··· Provided records ···

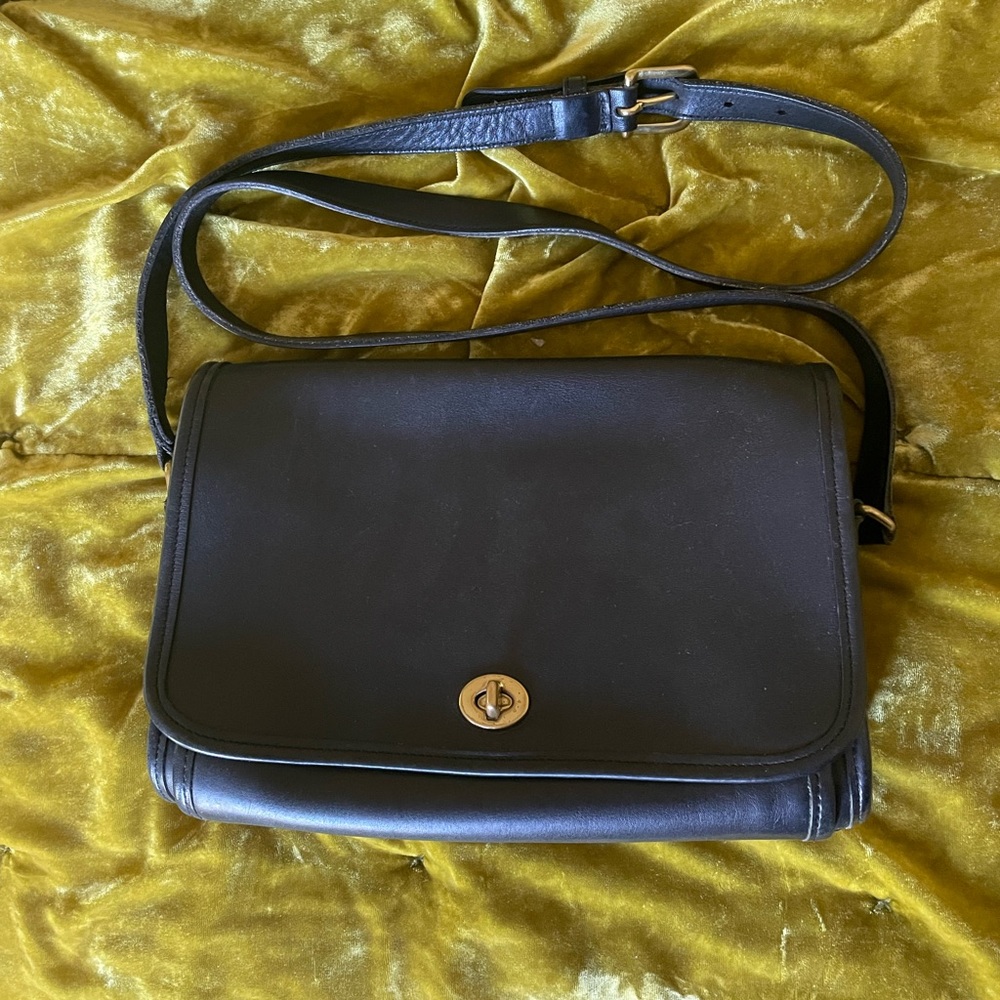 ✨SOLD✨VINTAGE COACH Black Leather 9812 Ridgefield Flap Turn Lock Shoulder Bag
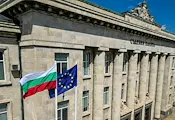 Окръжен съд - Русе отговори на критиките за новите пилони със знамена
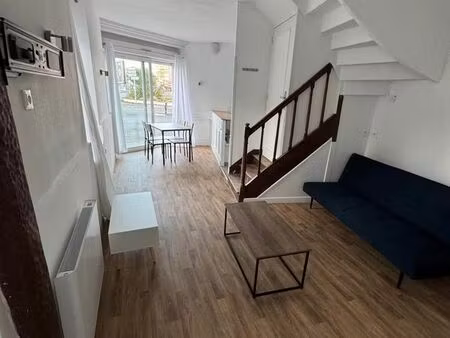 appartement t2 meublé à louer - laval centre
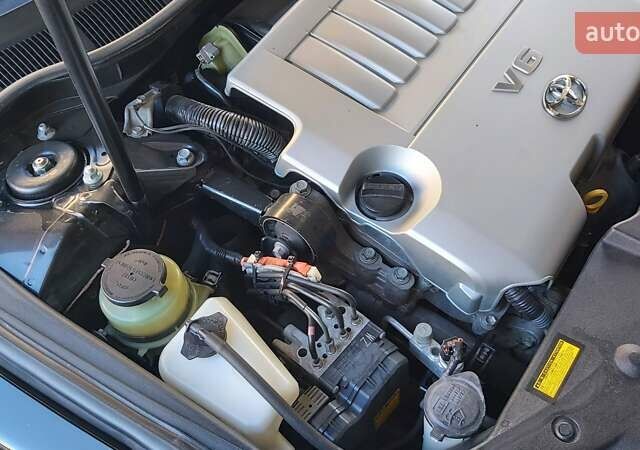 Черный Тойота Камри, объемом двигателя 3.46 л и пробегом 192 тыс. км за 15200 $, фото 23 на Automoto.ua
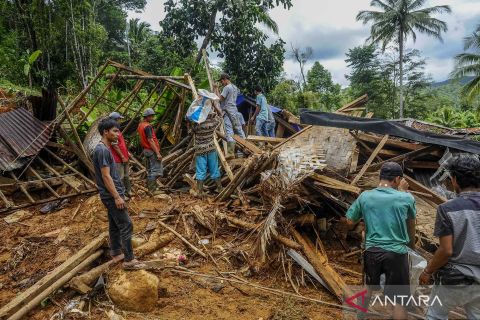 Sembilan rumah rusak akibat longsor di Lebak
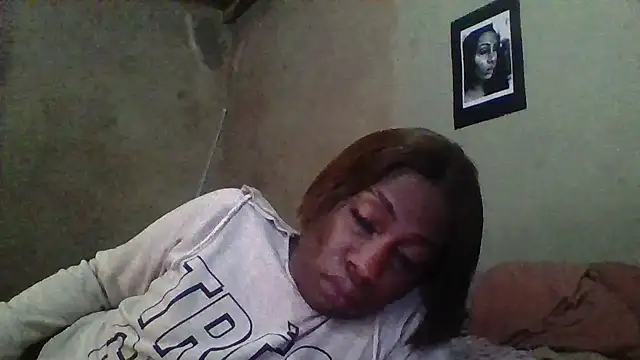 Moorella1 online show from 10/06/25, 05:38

···

### Problem to solve
Give again, exactly as written, the lines from the one with "Черный Тойота Камри, объемом" through the last line of the entries above, but skip the pictures.

### Response
 Черный Тойота Камри, объемом двигателя 3.46 л и пробегом 192 тыс. км за 15200 $, фото 23 на Automoto.ua
 Sembilan rumah rusak akibat longsor di Lebak
 Moorella1 online show from 10/06/25, 05:38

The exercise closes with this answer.